** Your objective **
Please give the listing again in full, leaving out its images.

** Information provided **

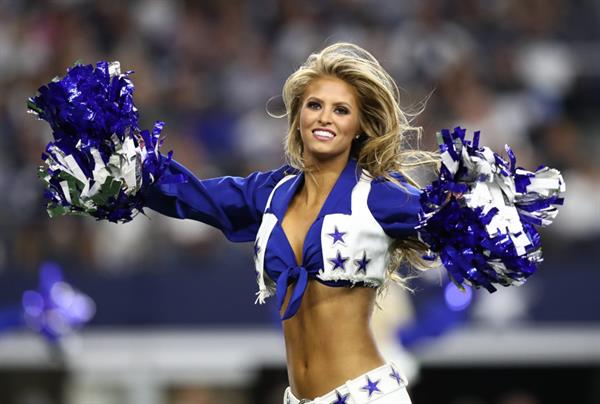 Former Clemson Rally Cat
Current Dallas Cowboy Cheerleader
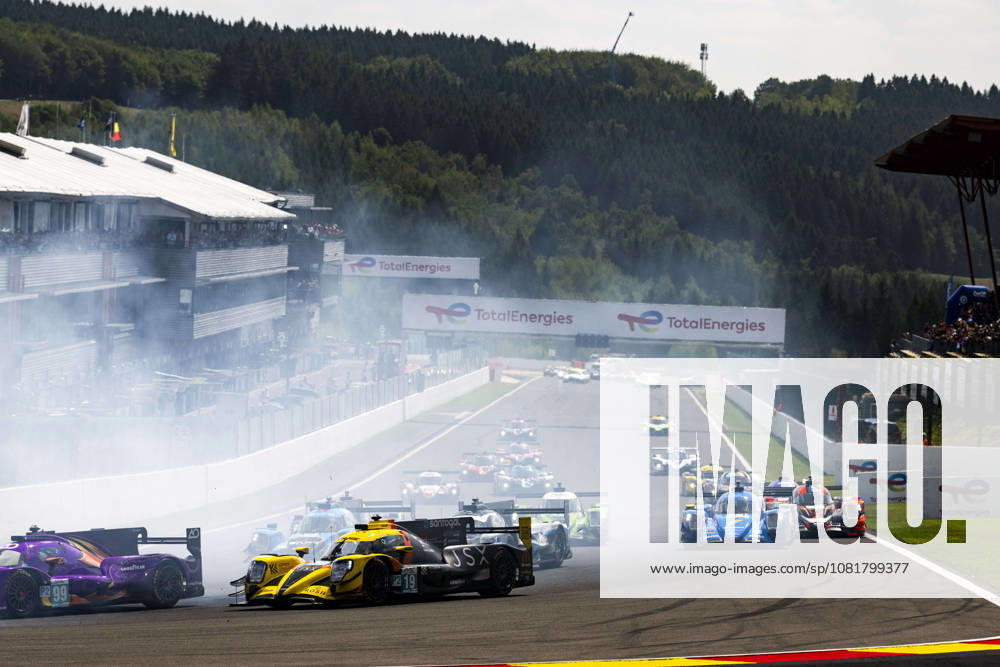 AUTO - ELMS - 4 HOURS OF SPA-FRANCORCHAMPS 2026 19 FALB John (usa), ESPÍRITO SANTO Manuel (por), KOEN Rik (ned), Rossa Racing by Virage, Oreca 07 - Gibson, LMP2 Pro Am, action during the 4 Hours of Spa-Francorchamps, 4th round of the 2026 European Le Mans Series on the Circuit de Spa-Francorchamps from August 21 to 23, 2026 in Stavelot, Belgium - StavelotBelgium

** Result for this exercise **
 Former Clemson Rally Cat
Current Dallas Cowboy Cheerleader
 AUTO - ELMS - 4 HOURS OF SPA-FRANCORCHAMPS 2026 19 FALB John (usa), ESPÍRITO SANTO Manuel (por), KOEN Rik (ned), Rossa Racing by Virage, Oreca 07 - Gibson, LMP2 Pro Am, action during the 4 Hours of Spa-Francorchamps, 4th round of the 2026 European Le Mans Series on the Circuit de Spa-Francorchamps from August 21 to 23, 2026 in Stavelot, Belgium - StavelotBelgium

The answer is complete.